### YOUR INSTRUCTIONS
Please repeat word for word the line containing "Interior bathroom design" and every following line up to and including the last one below, pictures excluded.

### SUPPLIED INFORMATION
=====
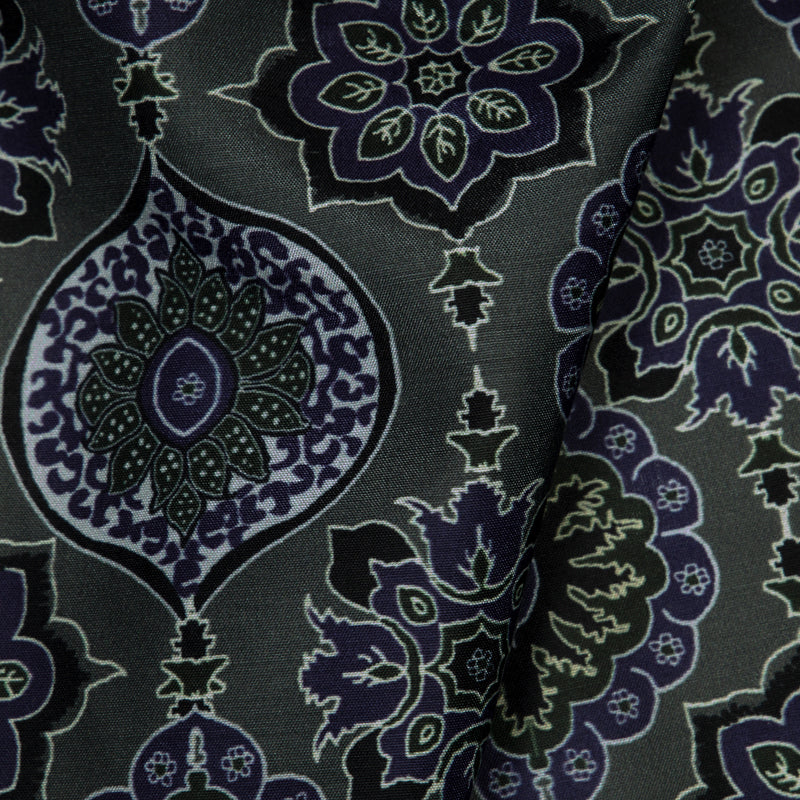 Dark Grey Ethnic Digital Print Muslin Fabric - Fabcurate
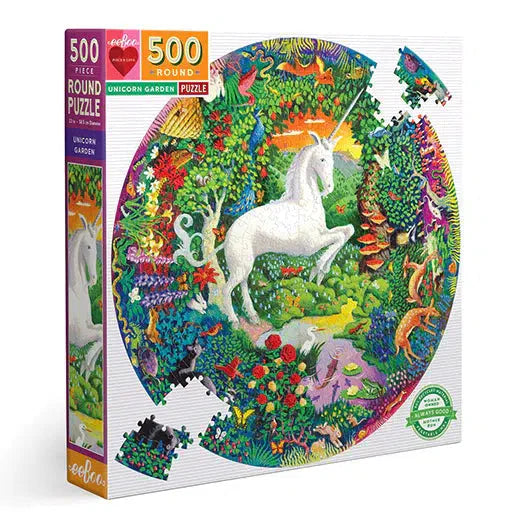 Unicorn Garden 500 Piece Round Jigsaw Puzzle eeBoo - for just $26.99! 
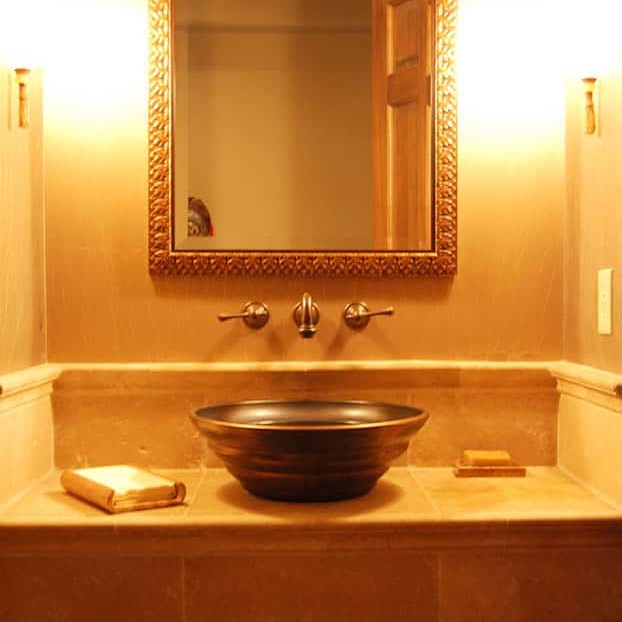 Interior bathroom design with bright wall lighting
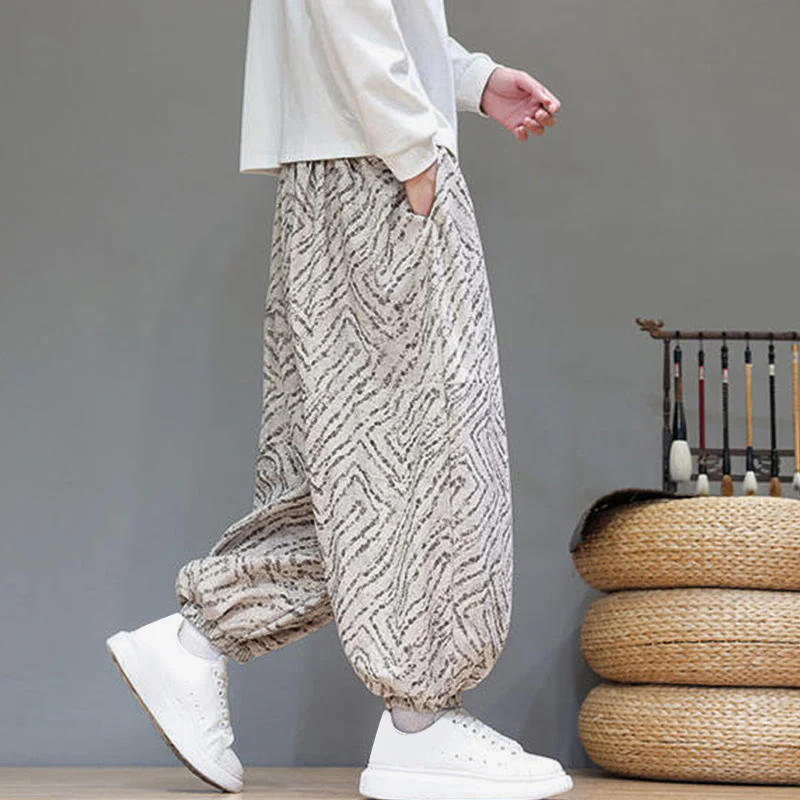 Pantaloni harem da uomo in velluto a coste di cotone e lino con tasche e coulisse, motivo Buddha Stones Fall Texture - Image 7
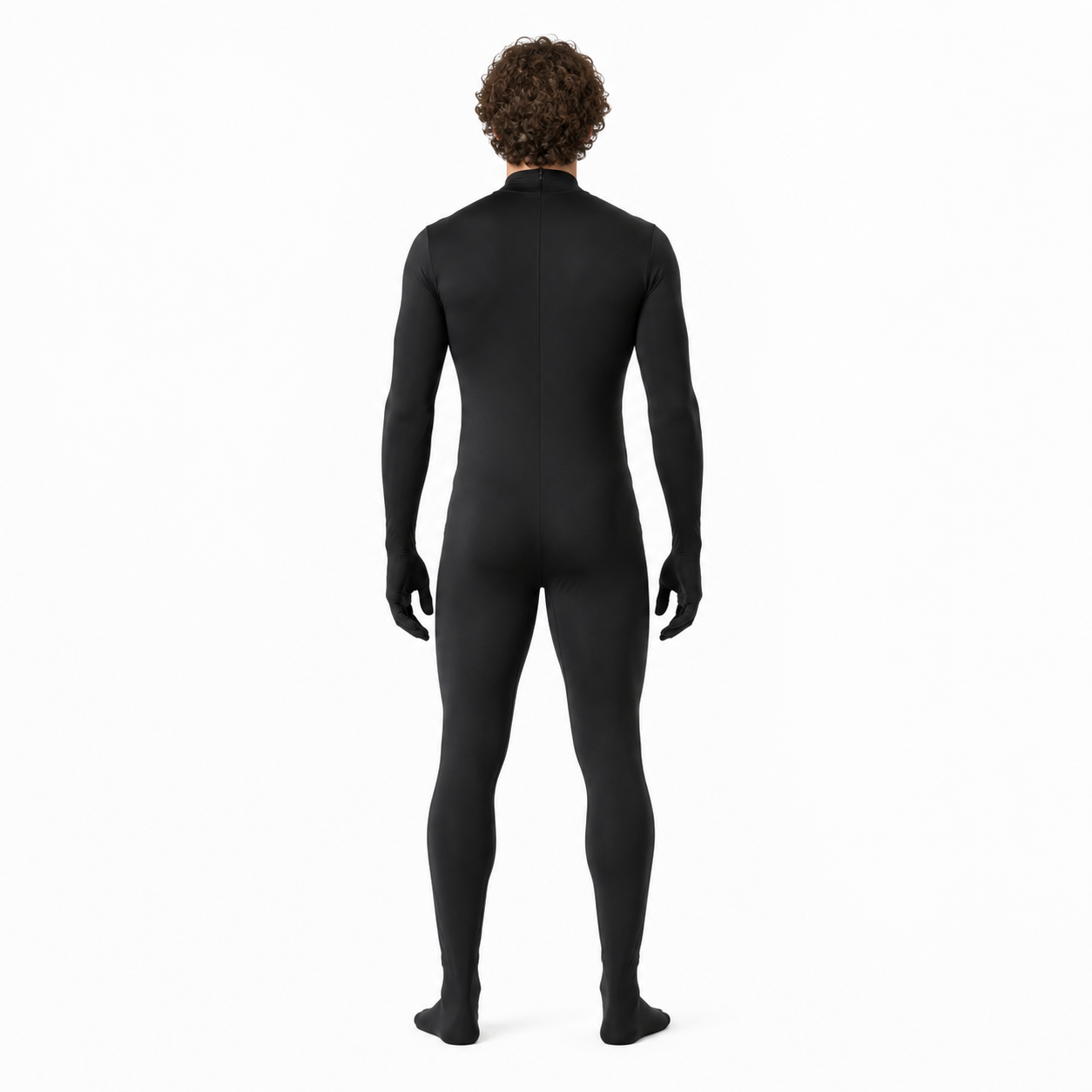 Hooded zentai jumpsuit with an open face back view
=====
### TASK SOLUTION
 Interior bathroom design with bright wall lighting
 Pantaloni harem da uomo in velluto a coste di cotone e lino con tasche e coulisse, motivo Buddha Stones Fall Texture - Image 7
 Hooded zentai jumpsuit with an open face back view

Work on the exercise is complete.